His clear implication is that Man City’s financial resources are different from their rival clubs. Yet Mr Roan knows full well that the club is not financially dominant by any measure - whether that is turnover, profits, player wages or transfer fees paid – indeed they have none of the 20 most expensive signings. His biography makes it abundantly clear what he believes about Manchester City and why he asks the question he did. Your claim that it was not his own is absurd."Sport has been revolutionised by the huge amount of money that’s come into it. It’s part of the modern business world, but hasn’t caught up governance-wise. When you see Putin using the Winter Olympics and now the FIFA World Cup to project his image onto the world, and the situation in Qatar, Abu Dhabi and China, you see sport as another arm of power. These places are using sport as a way of projecting their authority, not only on their own people, but globally too. So money in sport is becoming important to governments as well as just people.” A Life in Sports Reporting - BBC's Dan Roan
Mr Roan and his bosses have deliberately aligned the BBC as a supporter of what are widely seen as racially prejudiced attacks on Manchester City by its commercial opponents. The plain truth is that owners of rival clubs have seen their profits and hegemony threatened by City's success via a profit investment business model they will never copy. Through the media outlets they control or influence these elite clubs have sought to divert the disappointment of their mass supporter bases at City’s onfield domination with a series of invented pegs to hang their resentment on.
First they reassured their fans that the new investment in City was just a temporary ‘vanity purchase’ which would inevitably fail. When this didn’t happen FFP was redesigned and manipulated to protect elite clubs whilst hobbling City and PSG. These overtly unfair measures were later combined with the borderline racist narratives of ‘Financial Doping’ and ‘Sportswashing’. Both these fictions have been exposed by reputable football journalists such as Martin Samuel and Oliver Holt but a derivative campaign is still being waged by a few discredited individuals many of whom are regularly referenced by Mr Roan on his twitter account as BBC Sports Editor.

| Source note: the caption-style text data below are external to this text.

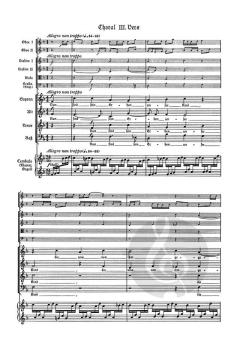 Wo Gott zuhaus nit gibt sein Gunst von Hugo Distler (Download) 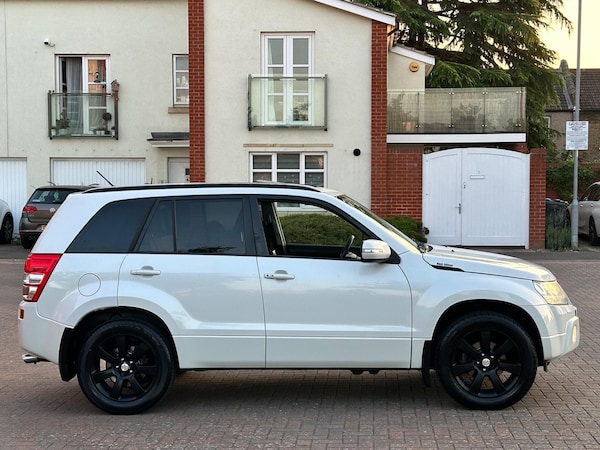 Used Suzuki Grand Vitara 2011 for sale - 75540125: Photo 28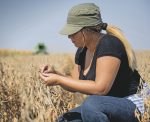 Un nouveau partenariat dans le secteur des grains au Québec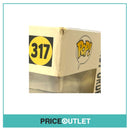 Funko - Star Wars - First Order Jet Trooper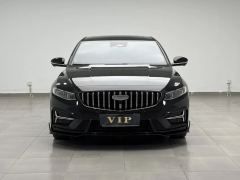 Geely Xingui 1.5T Edition - ფოტო 2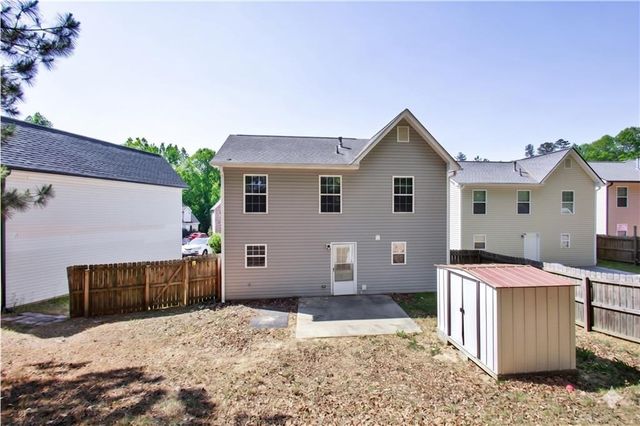 119 Twin Pines Court, Dallas, GA 30132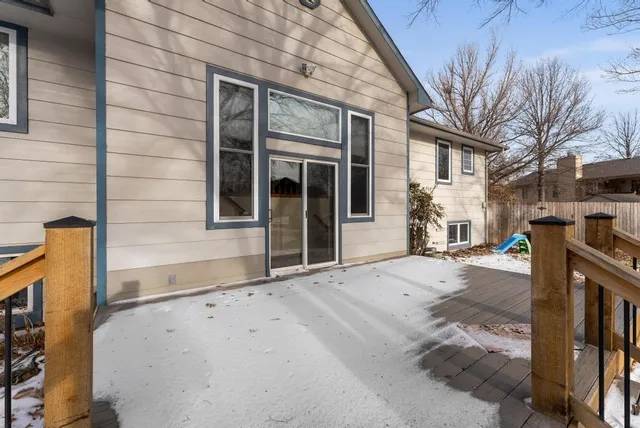 $325,000 | 2484 North Parkridge Street, Wichita, KS 67205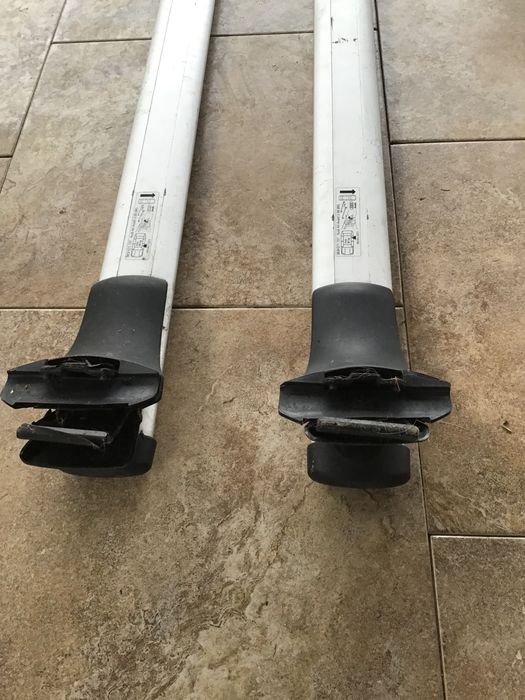 Vand bari plafon portbagaj Audi break 2013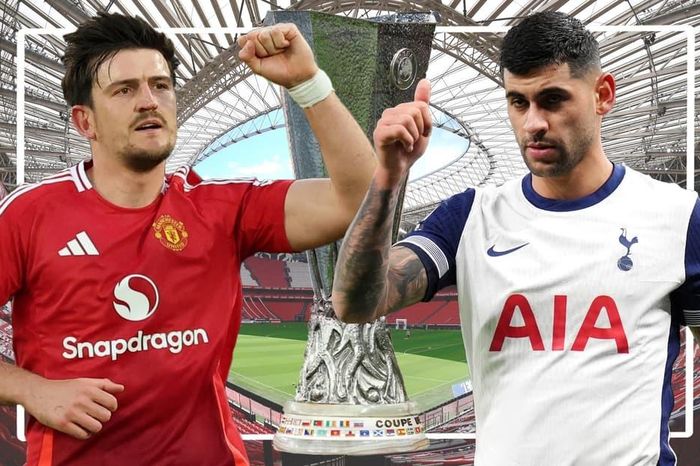 Bất kể MU hay Tottenham đăng quang, Europa League cũng chào đón nhà vô địch tệ nhất lịch sử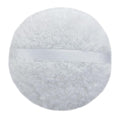 Topwon Oversize Powder Puff 6’’ Body Powder Applicator - Extra Large Powder Puffs for Men Women 1PC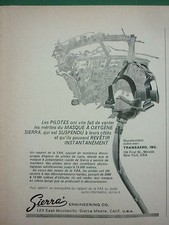5/1967 PUB SIERRA ENGINEERING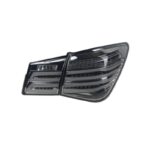 Car Tuning Taillights Assembly For Cruze Sedan 2009-2014 LED Style Brake Reversing Lights Fog Turn Signal Rear Lamp - Image 3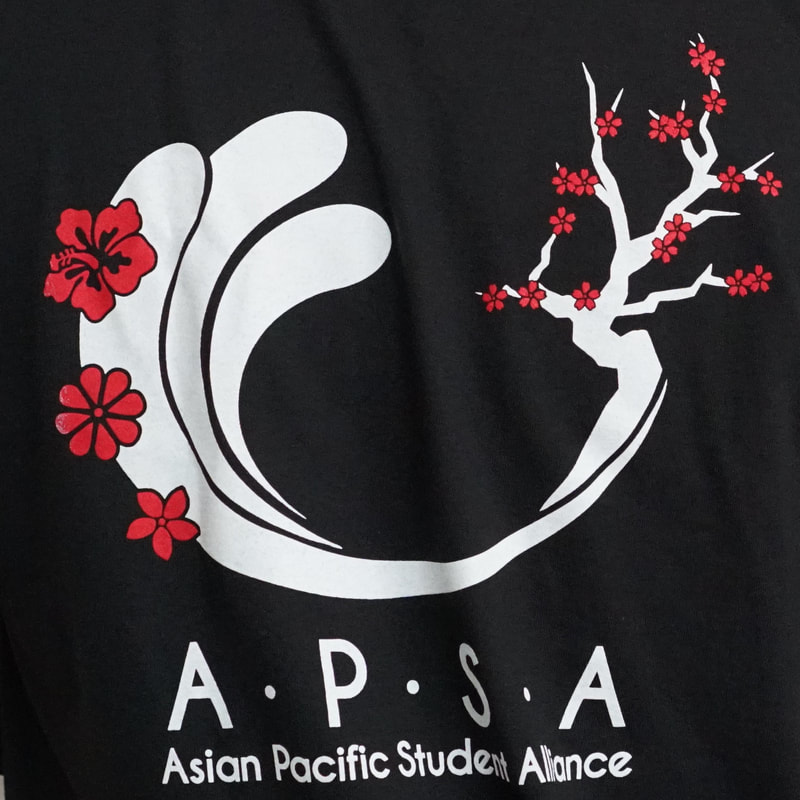 2016-2017 APSA T-Shirt 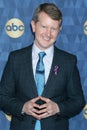ABC Winter TCA Party Arrivals Royalty Free Stock Photo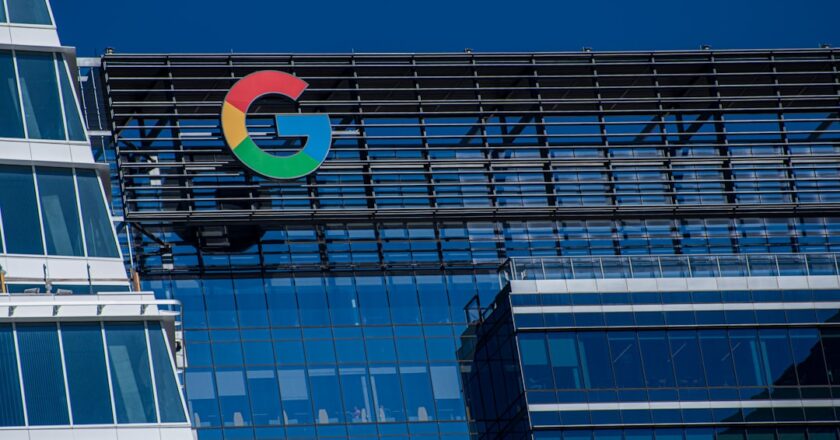 Google DeepMind’s Leadership Shake-Up: Hassabis Moves Up, Jeff Dean Moves On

All football clubs face questions and criticism, some justified, some not. In City's case, financial and sporting rivalry have created an emotional interest amongst millions of people which a commercially pressured media are targeting – a perfect storm to which is added political bias from those who object to Arab ownership of a PL club. No other owner or club has ever been questioned and vilified to such a degree. Singling out City from the very large number of major UK companies, scientific research institutions, HE bodies and sporting industries that benefit from UAE based investment, including long term sponsorship of the clubs that are responsible for these attacks, is hypocrisy of the highest order. For them to be subjected to this continuing and escalating hostility by the BBC as well is totally unacceptable and needs to stop right now.